> WHAT YOU WILL DO
Please print every record below exactly as written, leaving out the pictures.

Stored data entries:

:::

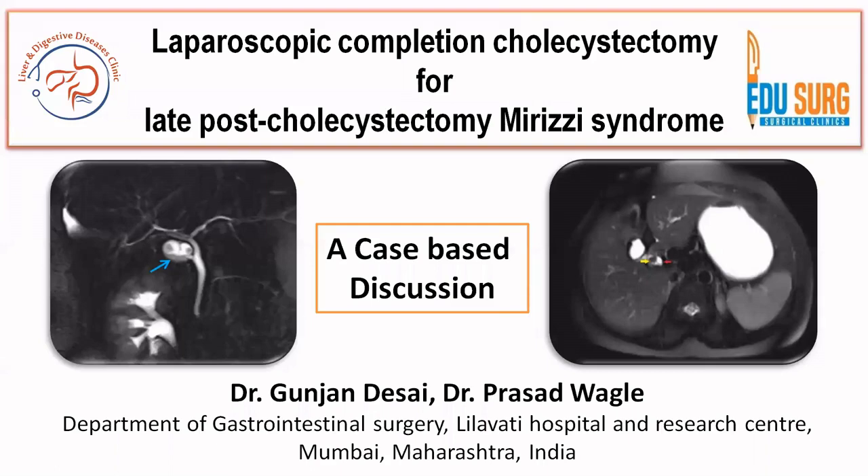Hello everyone and welcome to EduSurge Clinics where we discuss some key topics related to common medical and surgical practice. We are continuing our case-based discussion series because a lot of people have liked this series, and case-based management is a very important part of the new curriculum as well as it helps in managing patients in practice.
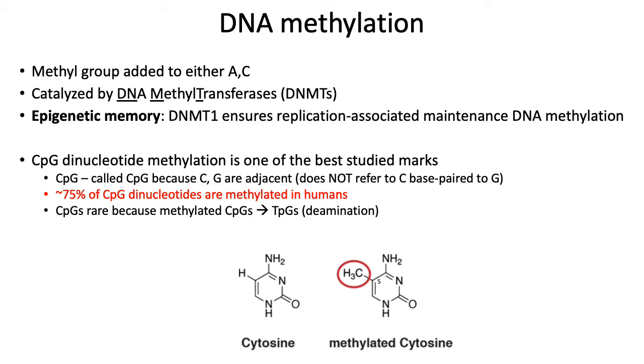So CpGs in general are relatively rare across the genome. That said, when they do occur, they tend to be methylated in humans, and about 75% of CpG dinucleotides at any given time are methylated in the human genome.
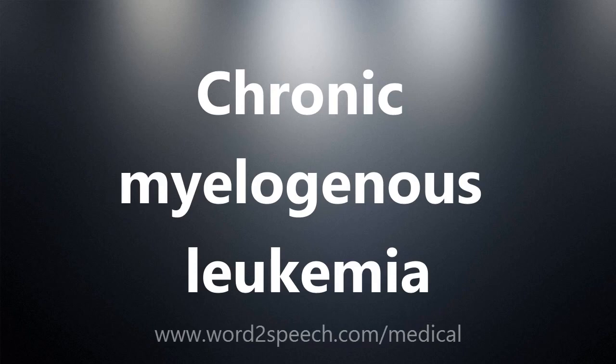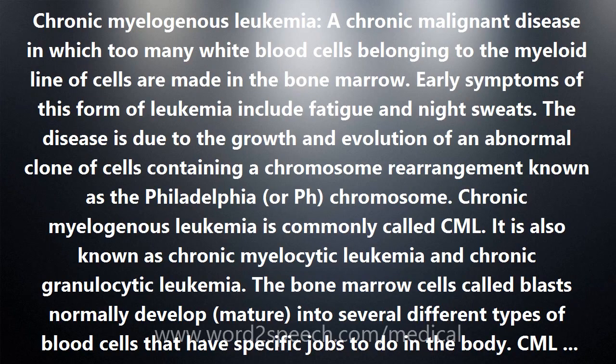Chronic Myelogenous Leukemia is a chronic malignant disease in which too many white blood cells belonging to the myeloid line of cells are made in the bone marrow. Early symptoms include fatigue and night sweats. The disease is due to the growth and evolution of an abnormal clone of cells containing a chromosome rearrangement known as the Philadelphia chromosome. CML is also known as chronic myelocytic leukemia and chronic granulocytic leukemia.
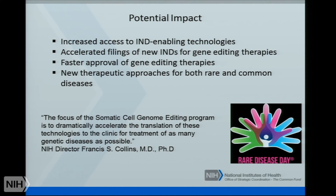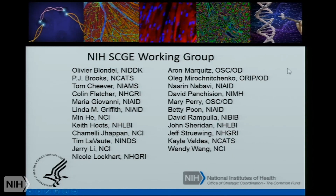The potential impact of this program includes increased access to IND-enabling technologies, accelerated filings of INDs for gene editing therapies, faster approval of these editing therapies, and new therapeutic approaches for both rare and common diseases. As Dr. Francis Collins said, the focus of the somatic cell genome editing program is to dramatically accelerate the translation of these technologies to the clinic for treatment of as many genetic diseases as possible. I'll stop there, and thank my colleagues in the NIH working group who have spent a lot of time developing the funding opportunities, and I look forward to seeing this work come to fruition. Thank you for your attention.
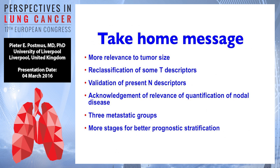So the take-home messages are: tumor size is even more relevant, despite the fact that radiologists have a certain limit in what they can do. Reclassification of some of the T descriptors. Validation of the present N descriptors. Acknowledgement of the relevance of quantification of nodal disease for prospective registration. Three metastatic groups being M1 groups. And more stages for better prognostic stratification.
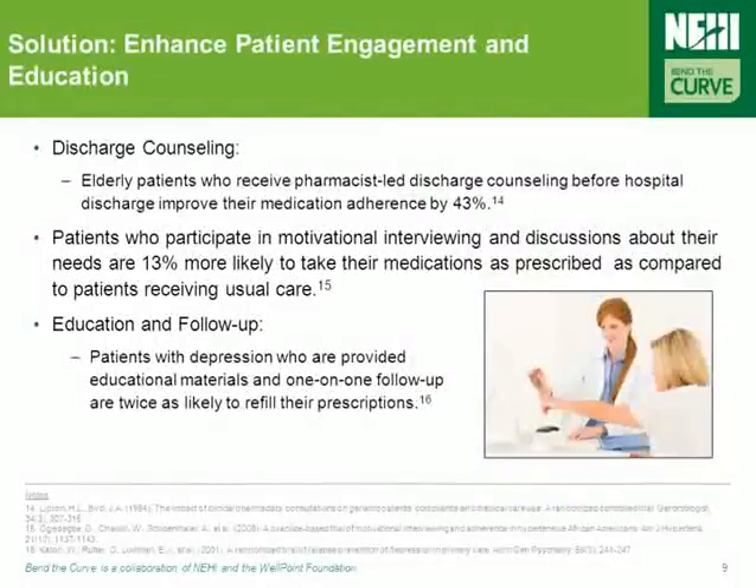A renewed focus on the needs and abilities of patients is also required to address poor medication adherence. Specifically, discharge counseling, education, and follow-up have been especially helpful in improving adherence. For example, elderly patients who receive pharmacist-led discharge counseling before leaving the hospital have been shown to improve medication adherence by 43%, and patients with depression who are provided with educational materials and one-on-one follow-up have been shown to be twice as likely to refill their prescriptions as those who don't receive that treatment and counseling.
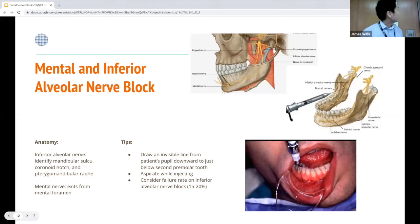For the mental and inferior alveolar nerve block, continue drawing that line, feel for the mental foramen, and go intraorally using the premolars on the bottom of the mouth. The inferior alveolar nerve block goes all the way back in the mouth. These blocks are also really effective for patients with dental pain — you could use bupivacaine for a dental block and hopefully the patient makes it to a dental clinic before the pain returns.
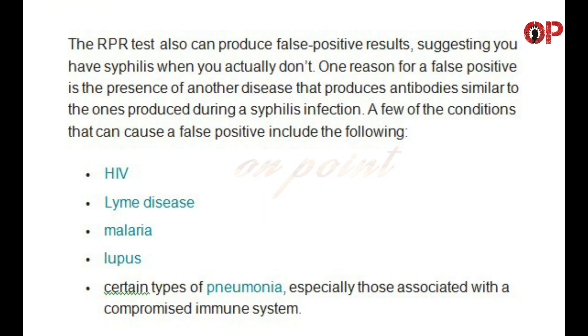The RPR test can also produce false positive results, suggesting you have syphilis when you actually don't. One reason for a false positive is the presence of another disease that produces antibodies similar to the ones produced during a syphilis infection. A few of the conditions that can cause a false positive include: HIV, Lyme disease, malaria, lupus, and certain types of pneumonia, especially those associated with a compromised immune system.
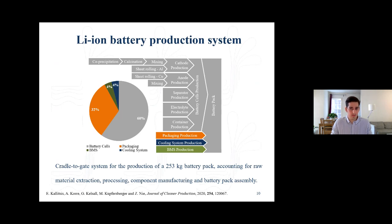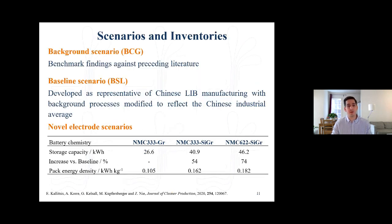A second motivation was to quantify the environmental impacts of increasing nickel content in battery cathodes and introducing silicon in the anodes. We created a model accounting for all steps from raw material extraction to battery pack assembly. In terms of mass composition, we modelled a 253 kg battery pack with 60% of mass from battery cells and a significant contribution from packaging. We developed several scenarios: a background scenario to compare with preceding literature, a baseline scenario for NMC111 graphite production in China, and two novel electrode scenarios — one with silicon-graphite anodes and one with nickel-rich NMC622 chemistry — both increasing energy density.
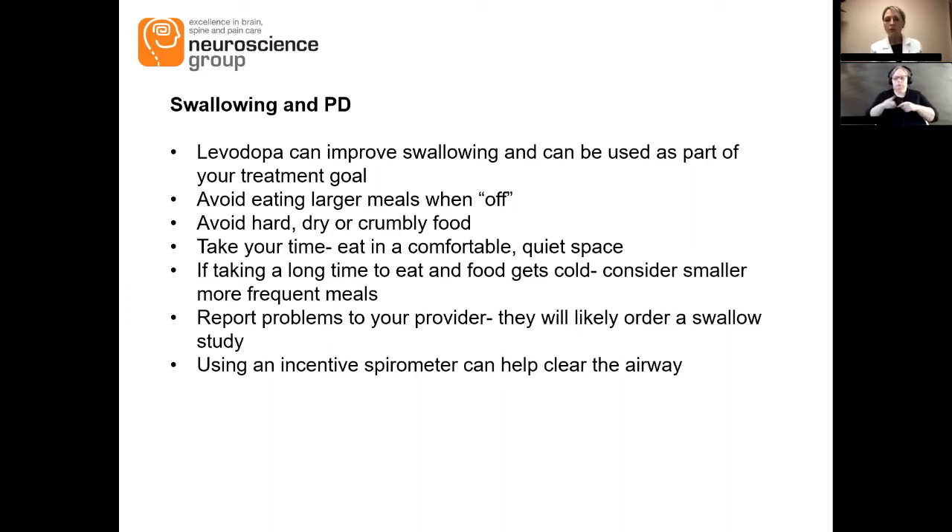One tip I give all of my patients with any type of swallowing problem is to use a spirometer — that's the clear plastic contraption you get if you go to the hospital, with a little red ball in it that you blow to get the ball up as high as possible. With patients who have dysphagia, I tell them to use that after meals because it'll help clear their lungs. Some people also use them first thing in the morning because of more nasal drip and saliva — they feel frothy in the morning and use it to expel that from their lungs.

:::

> SOLUTION TO THE PROBLEM
Hello everyone and welcome to EduSurge Clinics where we discuss some key topics related to common medical and surgical practice. We are continuing our case-based discussion series because a lot of people have liked this series, and case-based management is a very important part of the new curriculum as well as it helps in managing patients in practice.
So CpGs in general are relatively rare across the genome. That said, when they do occur, they tend to be methylated in humans, and about 75% of CpG dinucleotides at any given time are methylated in the human genome.
Chronic Myelogenous Leukemia is a chronic malignant disease in which too many white blood cells belonging to the myeloid line of cells are made in the bone marrow. Early symptoms include fatigue and night sweats. The disease is due to the growth and evolution of an abnormal clone of cells containing a chromosome rearrangement known as the Philadelphia chromosome. CML is also known as chronic myelocytic leukemia and chronic granulocytic leukemia.
The potential impact of this program includes increased access to IND-enabling technologies, accelerated filings of INDs for gene editing therapies, faster approval of these editing therapies, and new therapeutic approaches for both rare and common diseases. As Dr. Francis Collins said, the focus of the somatic cell genome editing program is to dramatically accelerate the translation of these technologies to the clinic for treatment of as many genetic diseases as possible. I'll stop there, and thank my colleagues in the NIH working group who have spent a lot of time developing the funding opportunities, and I look forward to seeing this work come to fruition. Thank you for your attention.
So the take-home messages are: tumor size is even more relevant, despite the fact that radiologists have a certain limit in what they can do. Reclassification of some of the T descriptors. Validation of the present N descriptors. Acknowledgement of the relevance of quantification of nodal disease for prospective registration. Three metastatic groups being M1 groups. And more stages for better prognostic stratification.
A renewed focus on the needs and abilities of patients is also required to address poor medication adherence. Specifically, discharge counseling, education, and follow-up have been especially helpful in improving adherence. For example, elderly patients who receive pharmacist-led discharge counseling before leaving the hospital have been shown to improve medication adherence by 43%, and patients with depression who are provided with educational materials and one-on-one follow-up have been shown to be twice as likely to refill their prescriptions as those who don't receive that treatment and counseling.
For the mental and inferior alveolar nerve block, continue drawing that line, feel for the mental foramen, and go intraorally using the premolars on the bottom of the mouth. The inferior alveolar nerve block goes all the way back in the mouth. These blocks are also really effective for patients with dental pain — you could use bupivacaine for a dental block and hopefully the patient makes it to a dental clinic before the pain returns.
The RPR test can also produce false positive results, suggesting you have syphilis when you actually don't. One reason for a false positive is the presence of another disease that produces antibodies similar to the ones produced during a syphilis infection. A few of the conditions that can cause a false positive include: HIV, Lyme disease, malaria, lupus, and certain types of pneumonia, especially those associated with a compromised immune system.
A second motivation was to quantify the environmental impacts of increasing nickel content in battery cathodes and introducing silicon in the anodes. We created a model accounting for all steps from raw material extraction to battery pack assembly. In terms of mass composition, we modelled a 253 kg battery pack with 60% of mass from battery cells and a significant contribution from packaging. We developed several scenarios: a background scenario to compare with preceding literature, a baseline scenario for NMC111 graphite production in China, and two novel electrode scenarios — one with silicon-graphite anodes and one with nickel-rich NMC622 chemistry — both increasing energy density.
One tip I give all of my patients with any type of swallowing problem is to use a spirometer — that's the clear plastic contraption you get if you go to the hospital, with a little red ball in it that you blow to get the ball up as high as possible. With patients who have dysphagia, I tell them to use that after meals because it'll help clear their lungs. Some people also use them first thing in the morning because of more nasal drip and saliva — they feel frothy in the morning and use it to expel that from their lungs.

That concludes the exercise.